On August 31, 1971, the District Court denied appellants' motion for summary judgment and granted appellees' motion to dismiss. Mow Sun Wong v. Hampton, 333 F.Supp. 527 (N.D.Cal. 1971).
This appeal is before this court pursuant to rule 4(a) Fed.R.App.P. As held by the district court, jurisdiction is predicated on 28 U.S.C. 1331(a) and the $10,000 matter in controversy requirement is met by each of the named class for the reasons concluded by the lower court. Id. at 529.
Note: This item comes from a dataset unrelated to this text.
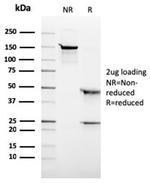 ALK (Anaplastic Lymphoma Kinase)/CD246 Antibody in SDS-PAGE (SDS-PAGE)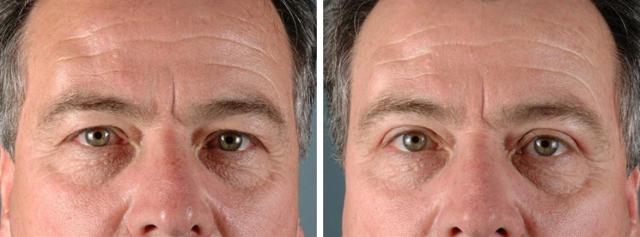 Blepharoplasty result at Albuquerque Center for Plastic Surgery, William G. Loutfy MD in Albuquerque, NM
The primary issue which confronts us is a constitutional attack by appellants as resident aliens, upon the regulations of the United States Civil Service Commission (hereinafter 'Commission') which, in effect, excludes such aliens from employment in the federal competitive civil service. 5 C.F.R. 338.101 (1971). The constitutional question is closely similar to that which the Supreme Court refused to intimate a view on, in its recent decision of Sugarman v. Dougall, 413 U.S. 634, 93 S.Ct. 2842 (1973): whether the federal citizenship requirements of such provisions as 5 U.S.C. 3301, Executive Order 10577, 19 Fed.Reg. 7521, 2.1 (1954), 5 C.F.R. 338.101, and 502 of the Public Works Appropriation Act 1971, Pub.Law 91-439, 84 Stat. 902 are or are not susceptible to constitutional challenge. See also In re Griffiths, 413 U.S. 717, 93 S.Ct. 2851, 37 L.Ed.2d 910 (1973). Cf. People v. Rodriguez, 35 Cal.App.3d 900, 111 Cal.Rptr. 238 (1973).
In Dougall the Court held that a New York statute, which denied aliens the right to hold positions in New York's classified competitive civil service, violated the Fourteenth Amendment's equal protection guarantee. The issue before this Court on appeal is whether the United States Civil Service Commission may, consistent with the Fifth Amendment's due process guarantee, exclude appellants and all other resident aliens from obtaining employment in the federal competitive civil service.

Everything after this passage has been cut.